## Task statement
Print the data exactly. Pictures stay out.

## Source material
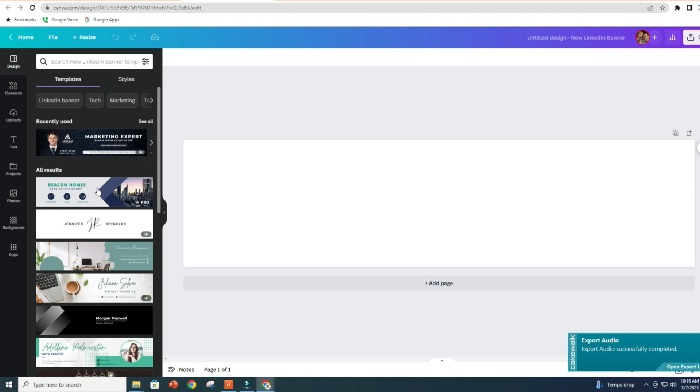And you can change the wording on these things however you want them to be. So that is the easiest way to make a professional LinkedIn banner or profile cover. Just a real quick example, here's what I mean by this.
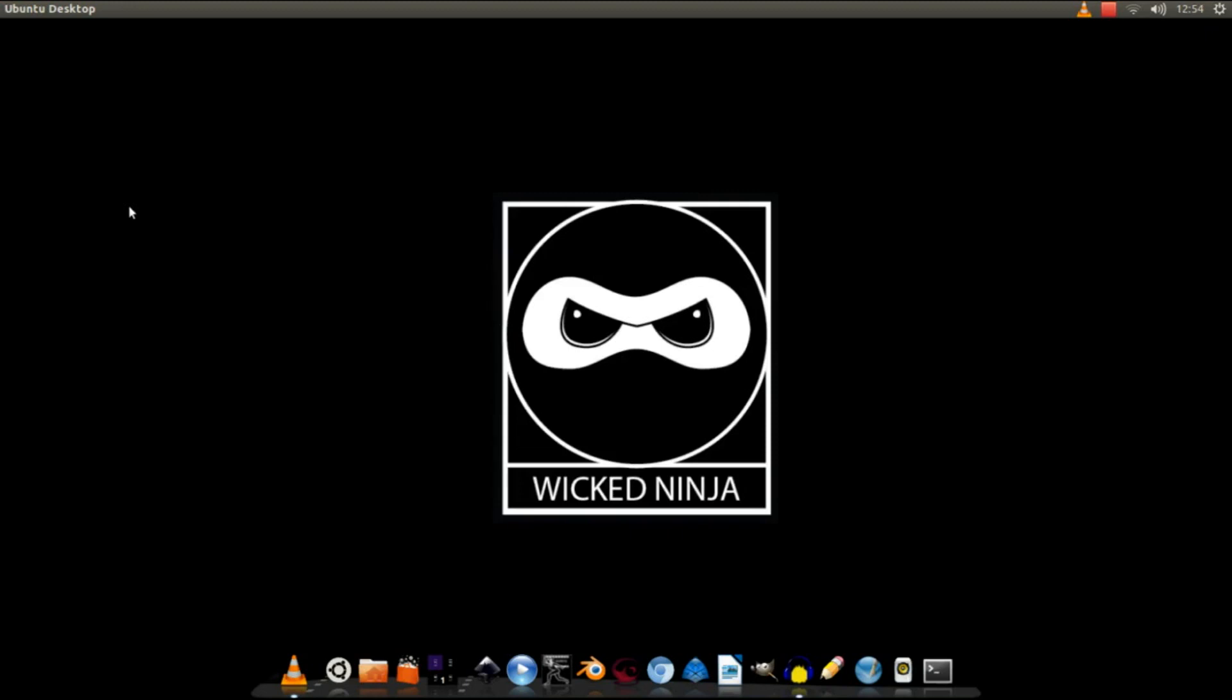Hey guys, WickedNinja here once again, got another Audacity tutorial for you.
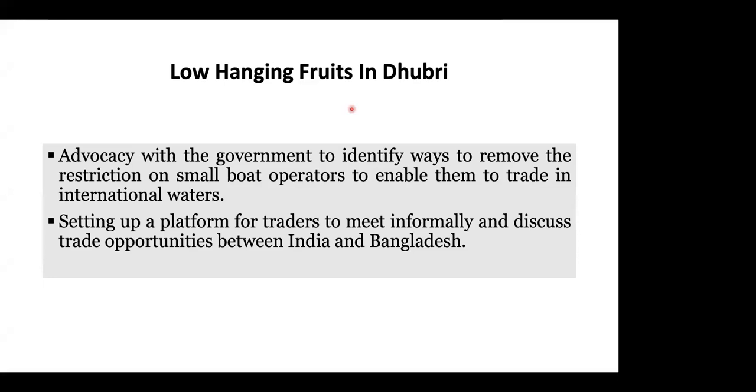The second low-hanging fruit: we observed a communication gap between Indian and Bangladeshi traders, with no platform for them to meet and discuss. We are planning to set up an informal platform where traders from both India and Bangladesh can come, discuss demand from both sides, and figure out how to meet that demand. This informal platform will not only enhance trade dynamics but also increase cooperation between the two countries in the Brahmaputra River Basin region.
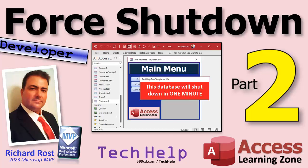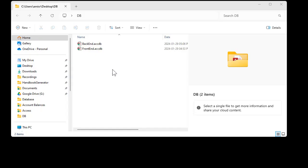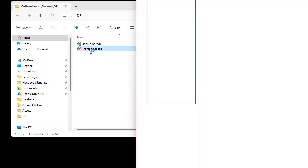This is part two, so if you haven't watched part one yet, go watch it — there's the link — then come on back. We split our database, set up the server table, and got it so that the main menu will close the database down if it is closed. Let's go into our front end again.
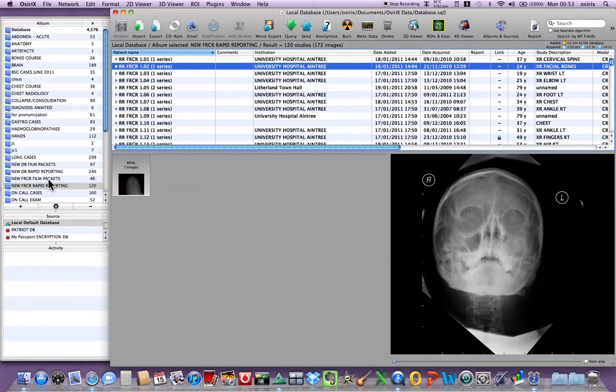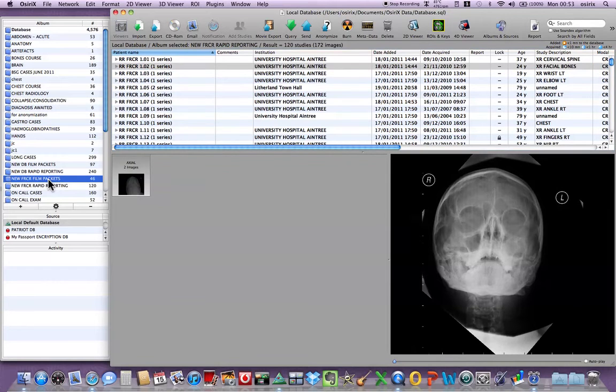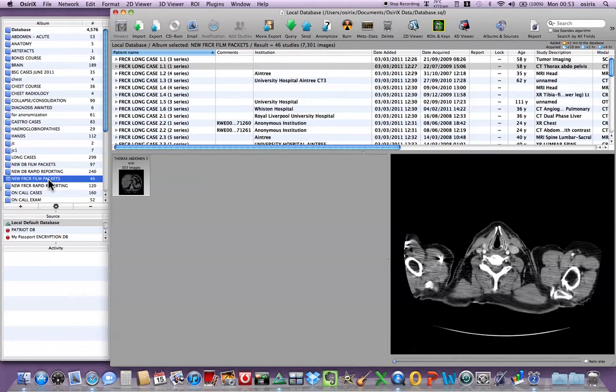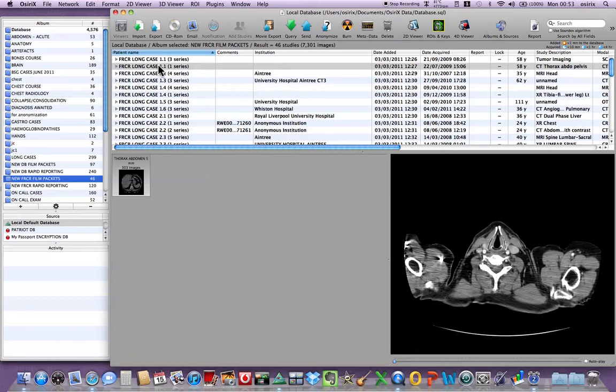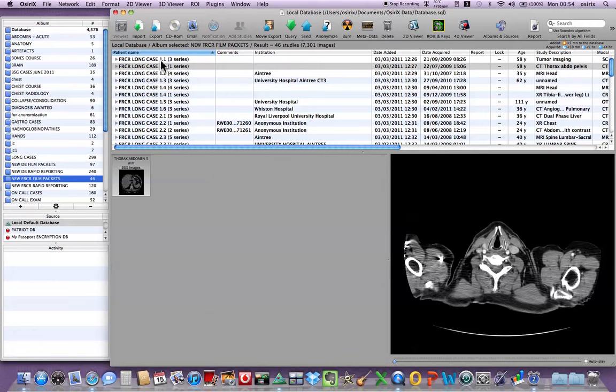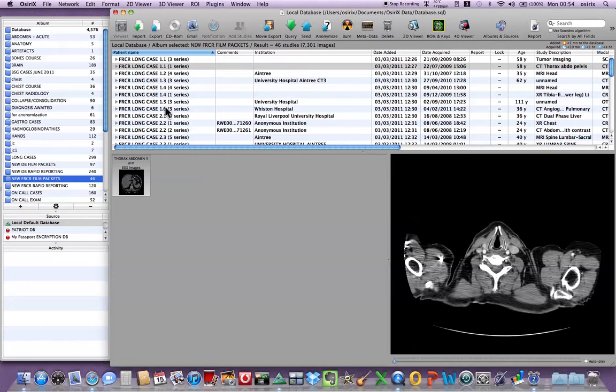From the film packets point of view, I can go into the film packets and as each film packet has six cases, I'm going to ascribe the cases in film packet one, 1.1, 1.2, 1.3, 1.4, 1.5, 1.6.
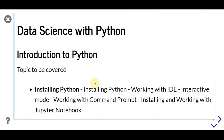Welcome to this tutorial. In the last video, we learned about installing Python, different ways to execute a Python program, and installing and working with Jupyter Notebook.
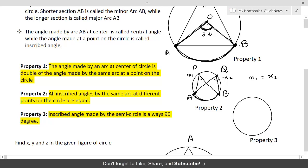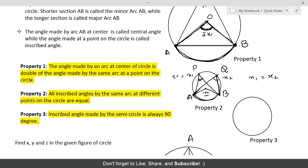The reason is: as long as the arc remains the same, the angle it makes at any point on the circle is the same. If the central angle is 100 degrees, then by the first property the angle at P is 50 degrees. Since the arc is unchanged, moving to point Q gives the same half — 50 degrees again. Therefore, the angle made by the same arc at two different points on the circle is equal.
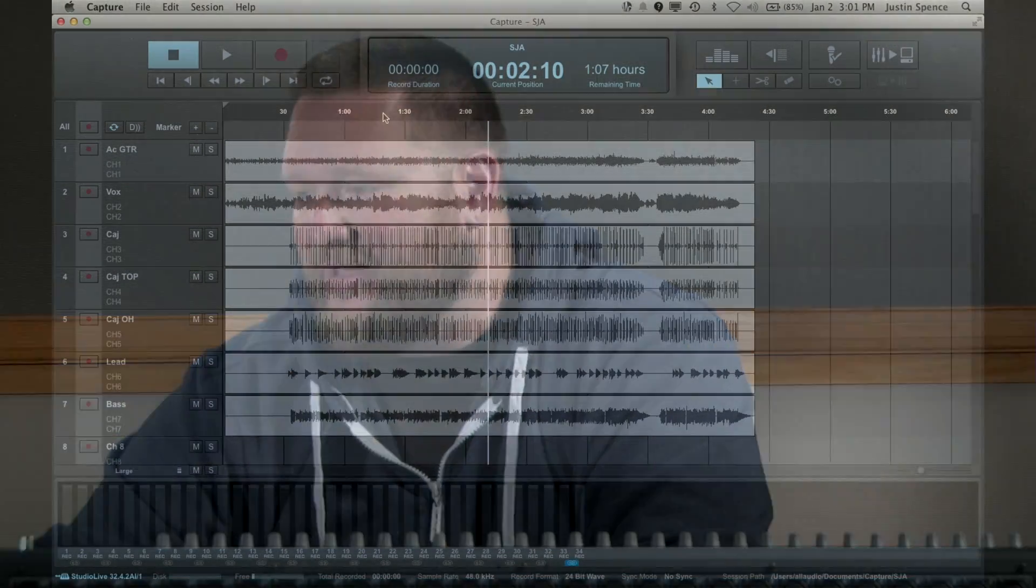If you're using another program like Pro Tools or Logic, you can export your tracks as Waves from Capture and I'm going to show you how to do that.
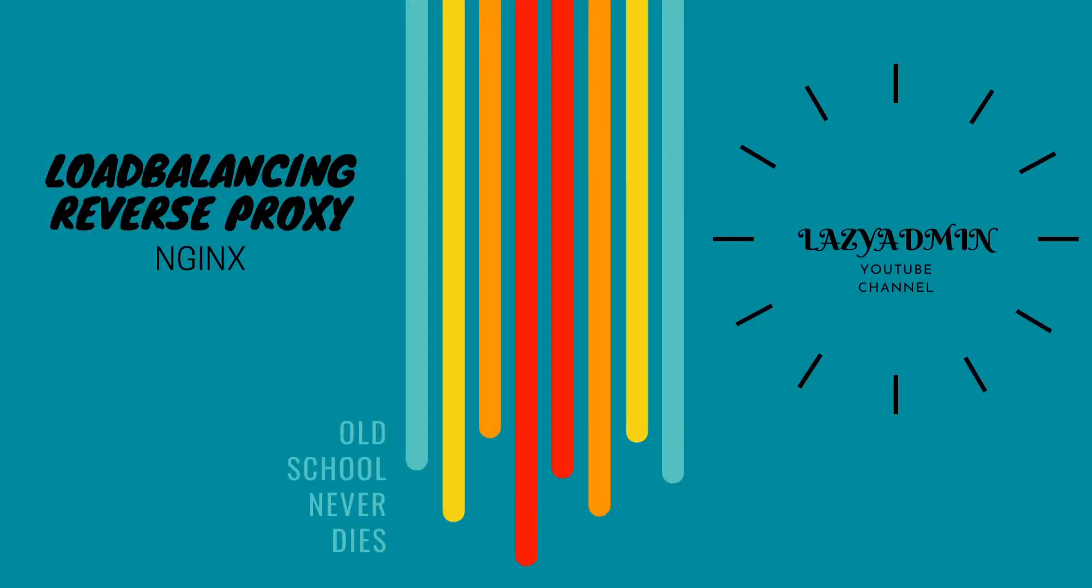Hi guys, this is Lazy Admin and welcome back to my YouTube channel. In today's video we are going to talk about Nginx load balancing and reverse proxy.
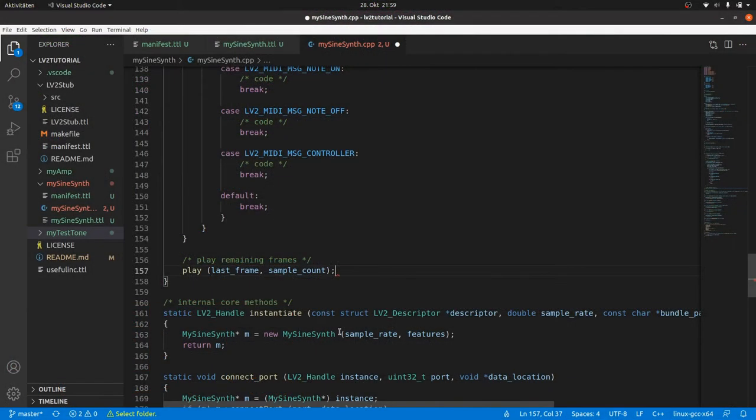Hey, I'm Sven from the Beam Music Project. We started coding a simple sine wave synthesizer plugin in the last session. Take a look into the last video first if you missed it. Let's go on!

## Response for this exercise
And you can change the wording on these things however you want them to be. So that is the easiest way to make a professional LinkedIn banner or profile cover. Just a real quick example, here's what I mean by this.
Hey guys, WickedNinja here once again, got another Audacity tutorial for you.
The second low-hanging fruit: we observed a communication gap between Indian and Bangladeshi traders, with no platform for them to meet and discuss. We are planning to set up an informal platform where traders from both India and Bangladesh can come, discuss demand from both sides, and figure out how to meet that demand. This informal platform will not only enhance trade dynamics but also increase cooperation between the two countries in the Brahmaputra River Basin region.
This is part two, so if you haven't watched part one yet, go watch it — there's the link — then come on back. We split our database, set up the server table, and got it so that the main menu will close the database down if it is closed. Let's go into our front end again.
From the film packets point of view, I can go into the film packets and as each film packet has six cases, I'm going to ascribe the cases in film packet one, 1.1, 1.2, 1.3, 1.4, 1.5, 1.6.
Welcome to this tutorial. In the last video, we learned about installing Python, different ways to execute a Python program, and installing and working with Jupyter Notebook.
The reason is: as long as the arc remains the same, the angle it makes at any point on the circle is the same. If the central angle is 100 degrees, then by the first property the angle at P is 50 degrees. Since the arc is unchanged, moving to point Q gives the same half — 50 degrees again. Therefore, the angle made by the same arc at two different points on the circle is equal.
If you're using another program like Pro Tools or Logic, you can export your tracks as Waves from Capture and I'm going to show you how to do that.
Hi guys, this is Lazy Admin and welcome back to my YouTube channel. In today's video we are going to talk about Nginx load balancing and reverse proxy.
Hey, I'm Sven from the Beam Music Project. We started coding a simple sine wave synthesizer plugin in the last session. Take a look into the last video first if you missed it. Let's go on!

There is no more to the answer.